I ended up a year or so with a magazine subscription to The American Scholar. (It’s published by Phi Beta Kappa; I had nowhere near that academic track record, thus I sometimes feel like an outlier when I first open an issue.) However, it’s not as academically inclined as you might think; most of its articles and essays have to do with modern day social problems and issues, largely from the perspective of the authors. These are about equally parceled with articles on little known aspects of history.
Its writers’ perspectives is the ingredient that makes this mag worthwhile. All have some personal attachment to their subject matter, and that makes all the difference. Just this morning I read a newspaper article about a California pastor preaching that the 49 who were shot to death in Orlando’s Pulse nightclub “deserved what they got.” He kept using the term “homosexual” and “pedophile” interchangeably in his rant. Of course, in a community as extensive as the gay community, there may be a few pedophiles. But such a broad spectrum of humanity will also have conservative gays in committed relationships. Clearly this guy has no pastoral relationships with gays; thus he speaks of that community in the abstract.

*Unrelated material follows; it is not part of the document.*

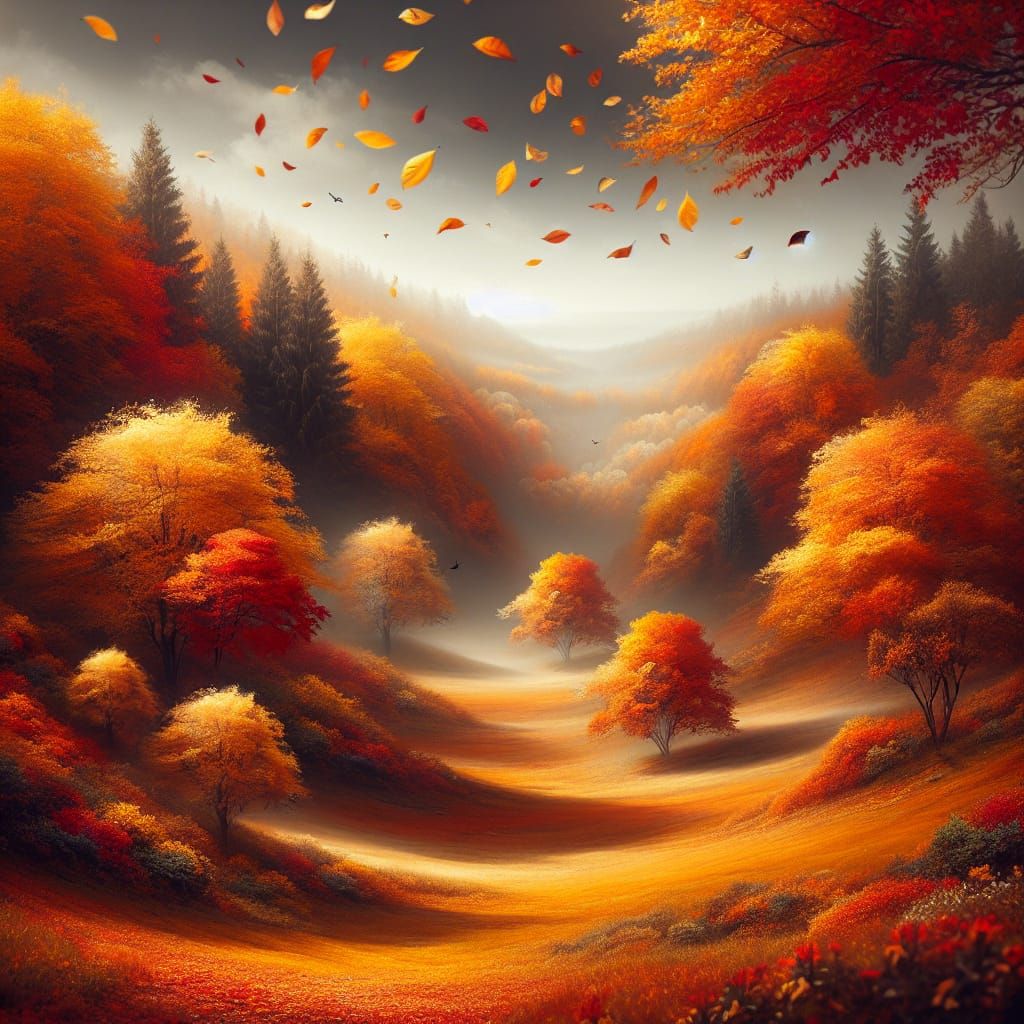 Autumn Landscape with Golden and Crimson Leaves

And take the presidential candidate who tosses off the possibility of using nukes in Europe, of giving nukes to previously fascistic national actors. Here again, this man knows little of the impact, both short and long term, of nukes on those using them as well as on those on which they’re to be used. To him, there’s little difference in a conventional bomb and a nuke – a man who knows nothing of the nuclear triad.
These are but two contemporary examples of persons unfamiliar with social phenomena of their day, thus thinking and speaking of them as abstractions. And in both cases, thinking of them in this way, if acted on, can cause great harm.
Thus I listen when I read in The American Scholar of a man with extensive presence in our national parks. And of the wife of a journalist constantly present within the great national dramas of our Vietnam era. In an increasingly technological age, it’s easy to abstract everything. And it’s no great irony that finding information on life in its true nature still comes to us in print media.